Prospective grief support group members can anticipate learning a myriad of effective strategies to help them cope with their loss and with their life changes. Kennedy seeks to help her clients recognize that they are having normal reactions.

“It is important that they see that the grieving process is a normal one, that they are normalizing the method of effectively coping,” she said. “This is not an easy procedure by any means; it’s painful, but it will get better.”

In her experience, Kennedy has encountered a variety of responses from clients over the years. She finds that it helps for them to realize that this is a normal process, one that they will be able to pass through, including all the stages – anger, sadness, confusion, guilt – and to know that other people have gone through it before them.      “Especially with these support groups, they find out that other people are having these experiences and they are not alone,” she said.

Kennedy stressed that the grief support groups are not entirely sad, that attendees enjoy each other’s stories and recollections of happy memories, too.

“We laugh a lot, the sharing within the groups is very touching, and frequently we are laughing and sharing stories, stories that lift the spirit,” she said.

The Thursday night grief support group welcomes people of all ages and backgrounds.
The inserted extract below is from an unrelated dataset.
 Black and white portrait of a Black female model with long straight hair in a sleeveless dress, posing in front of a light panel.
Kennedy is careful to point out that death occurs at any point in someone’s life, and that sometimes the loss has not yet occurred – prompting clients to feel the need for comfort and a renewal of their inner strength.
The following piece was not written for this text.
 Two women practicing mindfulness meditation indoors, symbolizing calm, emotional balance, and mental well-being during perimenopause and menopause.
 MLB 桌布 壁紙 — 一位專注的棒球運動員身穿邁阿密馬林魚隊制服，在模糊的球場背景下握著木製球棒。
The issues that Kennedy’s clients are battling are varied, and loss of a loved one is just one of the many areas of struggle. She notes that changes in a job are common, whether it is the loss of a job or a shift in employment. Many struggle to maintain their identity, creating tremendous upheaval. Living in Los Angeles, Kennedy has also worked with many clients who are presented with unexpected losses: children left without their parents, spouses left without their spouse, changes in health status such as an accident that changes their ability to function in the world as they used to.

As she describes, “Each person is unique, and they acquire particular tools to help them deal with feelings. What is useful for them depends on the person; some people like to write, others meditate, but ultimately I am here to help them discover their own inner strength.”
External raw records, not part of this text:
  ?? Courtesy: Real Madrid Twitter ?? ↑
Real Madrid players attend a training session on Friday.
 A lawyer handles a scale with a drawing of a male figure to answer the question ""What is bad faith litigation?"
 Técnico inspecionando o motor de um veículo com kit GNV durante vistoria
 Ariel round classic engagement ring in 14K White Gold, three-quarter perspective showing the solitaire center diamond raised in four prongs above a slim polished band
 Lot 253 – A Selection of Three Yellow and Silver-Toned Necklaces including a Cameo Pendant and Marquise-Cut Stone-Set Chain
For those people who are unable to make Kennedy’s grief support group, she advises, “Talk with friends you trust during the holiday season and take care of yourself – as far as your needs are concerned, keep yourself in places where you feel okay and safe, whether that is among friends or not. Sometimes it’s not the best idea to go out to big parties or put yourself out there to all the events of the season. For many, it might be better just to stay with one friend, with what makes them feel most comfortable.”

The clients are not the only ones that benefit from the sessions. Kennedy receives good from her work as well.

“I’ve always felt great fulfillment just being with the clients, whether it’s a group or an individual. Listening to them and helping them find their own strength. The dignity of the human spirit is present in these sessions, and the resilience of the people I encounter – it pleases me to help them get in touch with what is already inside of them, their own strength.”

Finally, for those who have trepidations about the experience of a grief group, Kennedy wishes to dispel any false assumptions or misconceptions.

“Sometimes people are afraid when they hear of a grief support group; however, the objective is to change the focus and perspective of the life they have now, and remember the good memory of the one that is gone.

“It is key to remember that they will always carry the memory of their lost one with them, and take those memories with them into their new life.”

There is no cost to attend but love offerings are welcome.